High homology is not required at the site of strand invasion during recombinational double-strand break repair in mammalian chromosomes

Publication date: December 2017
Source:DNA Repair, Volume 60
Author(s): Kristina M. Chapman, Megan M. Wilkey, Kendall E. Potter, Barbara C. Waldman, Alan S. Waldman
We investigated the impact of sequence divergence on DNA double-strand break (DSB) repair occurring via recombination in cultured thymidine kinase deficient mouse fibroblasts. We stably transfected cells with a DNA construct harboring a herpes thymidine kinase (tk) gene (the "recipient") rendered nonfunctional by insertion of an oligonucleotide containing the recognition site for endonuclease I-SceI. The construct also contained a closely linked truncated "donor" tk sequence. The donor could potentially restore function to the recipient gene via recombination provoked by induction of a DSB at the I-SceI site in the recipient.

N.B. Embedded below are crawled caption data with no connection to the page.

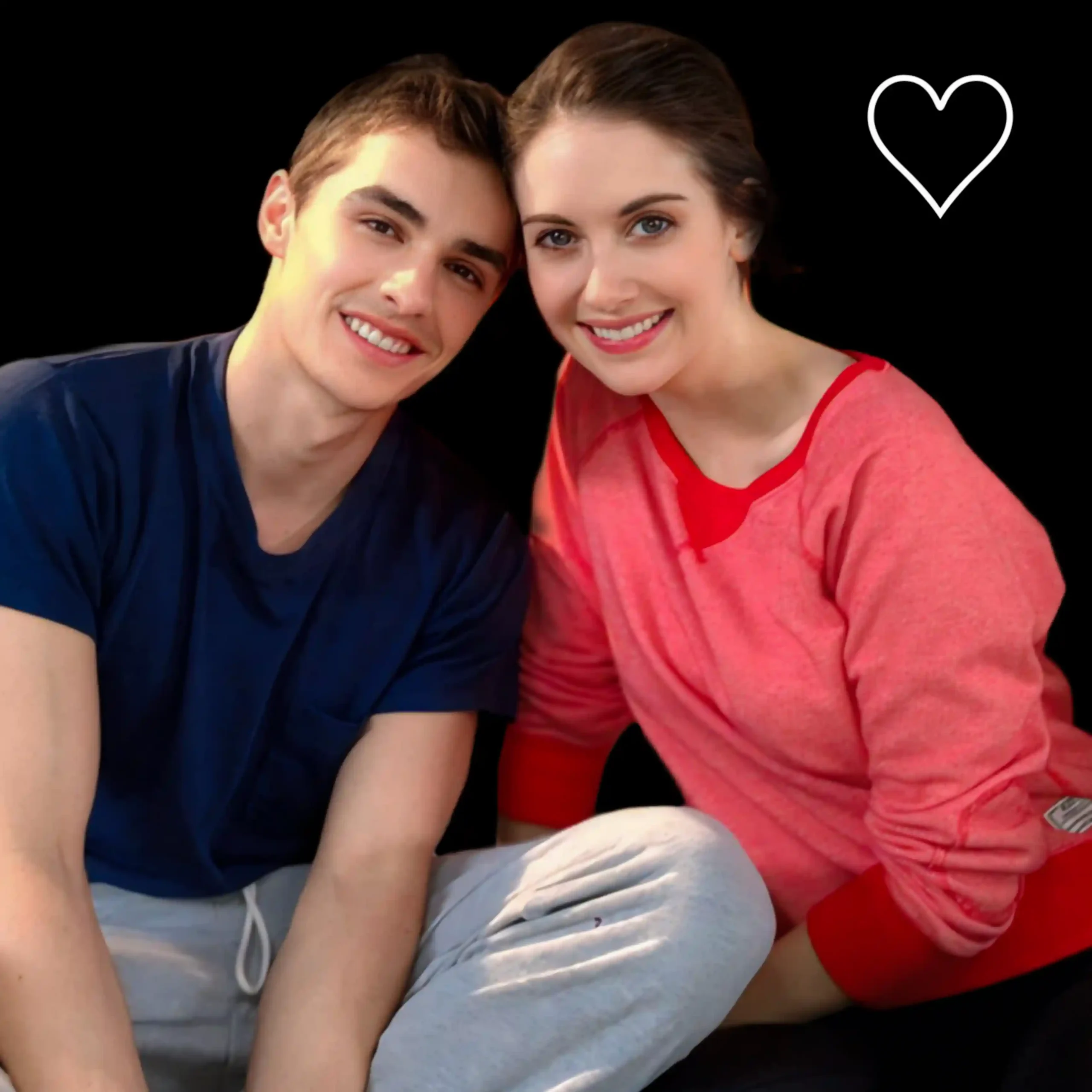 Alison Brie and Dave Franco Alison Brie and Dave Franco Relationship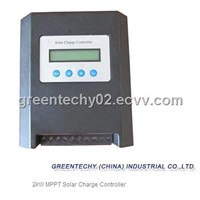 off grid solar charge controller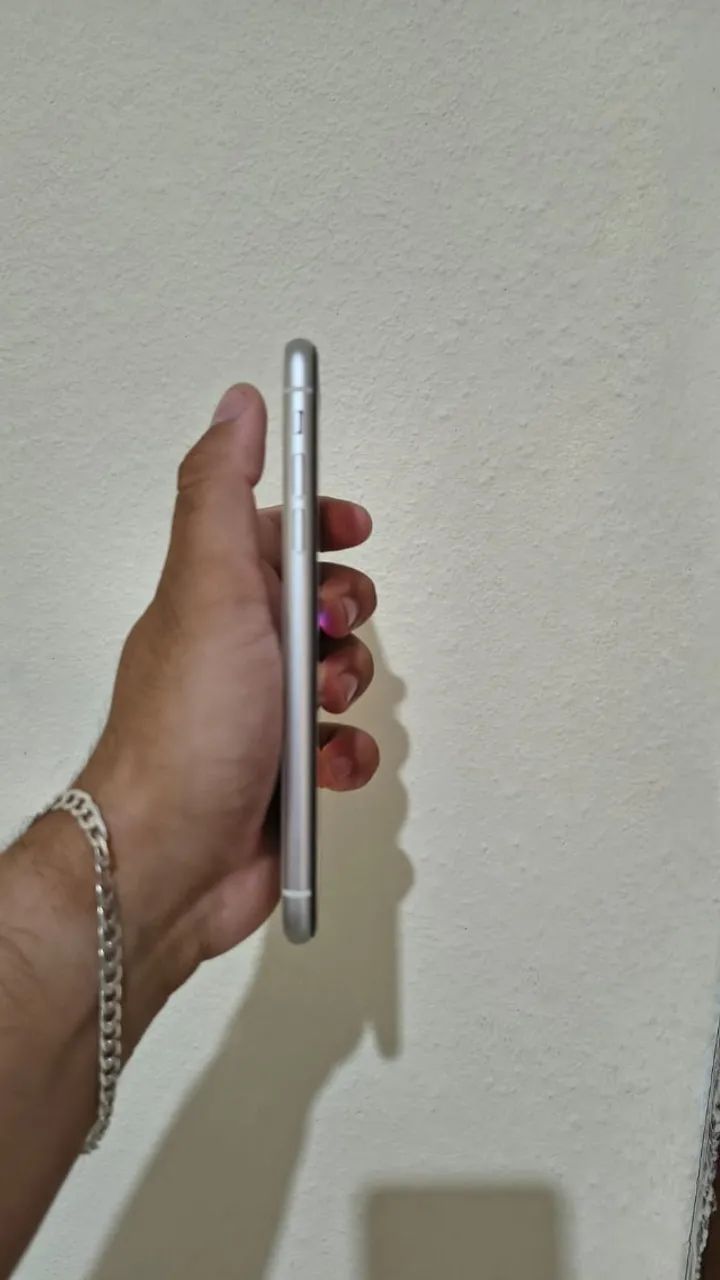 ? IPHONE 11 64GB BRANCO ? TODO ORIGINAL - Foto 4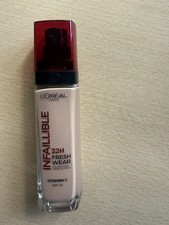 Loreal Infaillible 24H Fresh Wear Foundation ...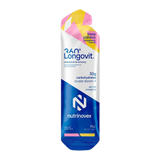 Longovit 360 Gel: Sabor Fresa Plátano · Nutrinovex · 45 gramos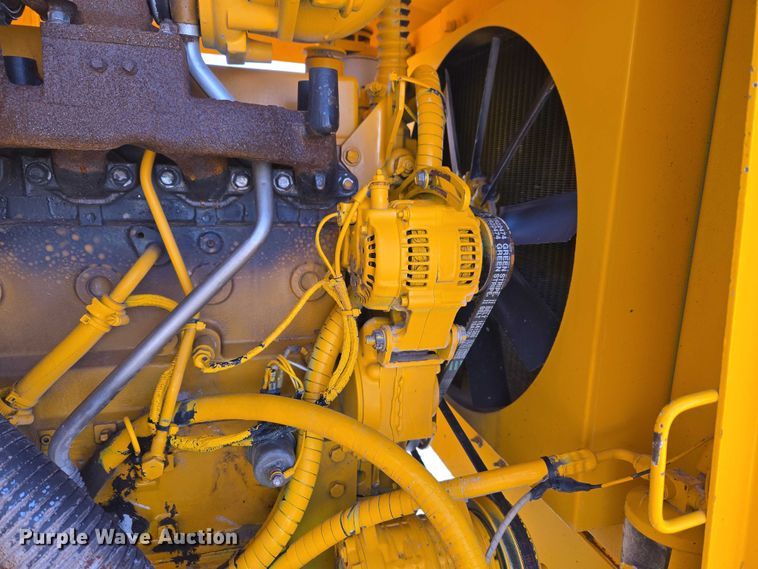 image for item ET5178 2002 Rosco RB-48 broom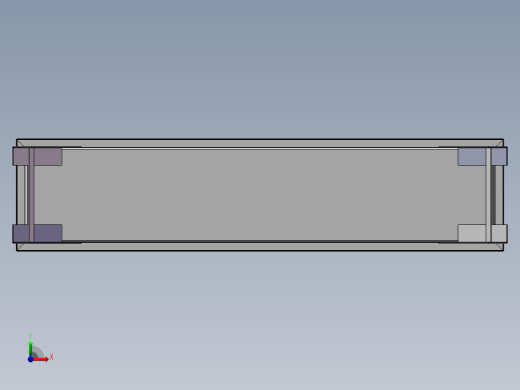 经久耐用烧烤炉前视缩略图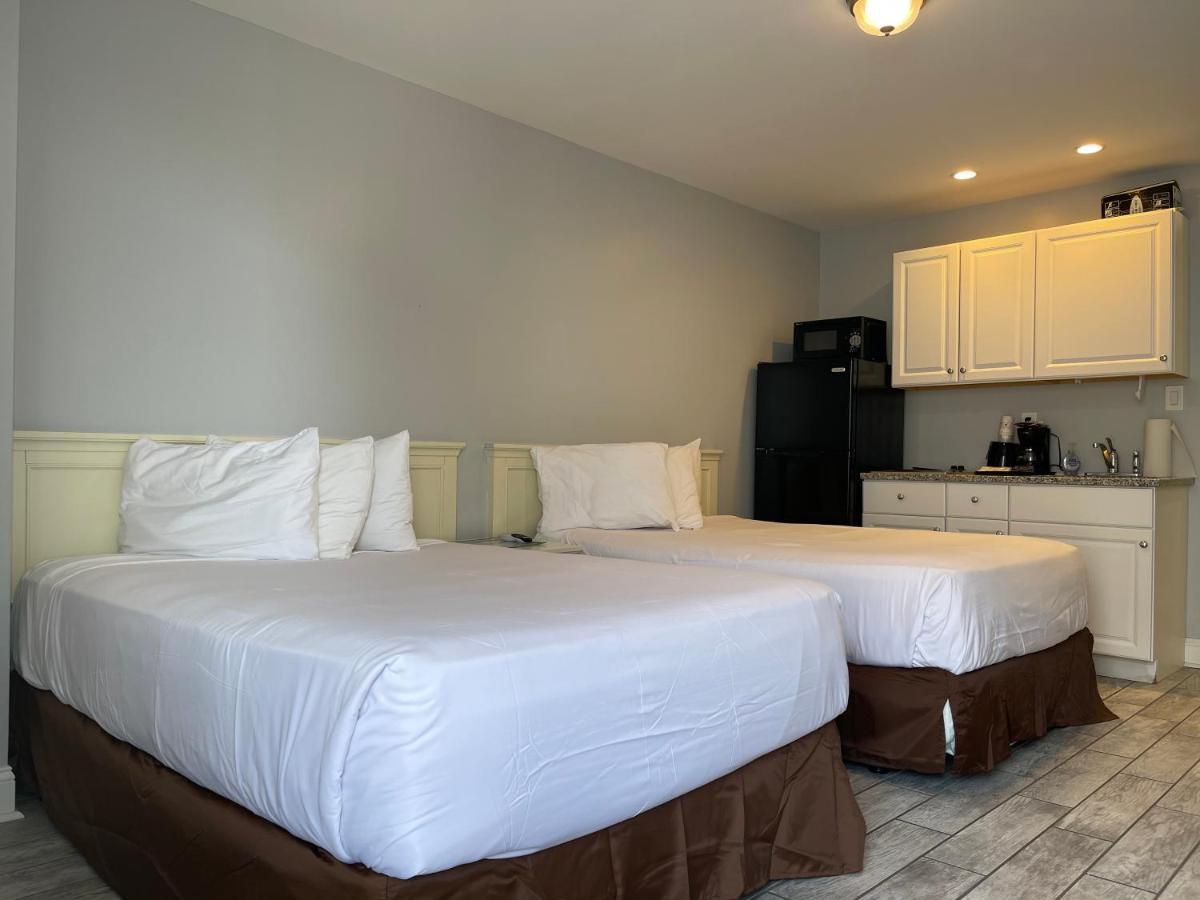 Rio Motel And Suites Wildwood Beach & Boardwalk Bagian luar foto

Repair events were recoverable by selection for tk-positive clones. The donor contained 33 mismatches relative to the recipient. The mismatches were clustered, forming a localized segment of DNA sequence displaying about 20% divergence relative to the recipient, and the mismatched segment was surrounded by regions of high homology. When the donor was aligned with the recipient, the DSB site in the recipient aligned opposite the mismatched segment, allowing us to potentially capture recombinational repair events initiating between diverged sequences. Previous work demonstrated that mammalian cells effectively avoid recombination between 20% diverged sequences. In the current study we asked whether flanking regions of high homology would enable genetic exchange between highly diverged sequences or, instead, would rejection of exchange between diverged sequences remain unchanged. We found that by surrounding mismatches with high homology, suppression of recombination between diverged sequences was overcome. Strikingly, we recovered a high frequency of gene conversion tracts positioned entirely within the mismatched sequences. We infer that such events were enabled by homologous pairing interactions between sequences surrounding the site of strand invasion. Our results suggest a search for high homology prior to recombination that is not mediated by an invading DNA terminus.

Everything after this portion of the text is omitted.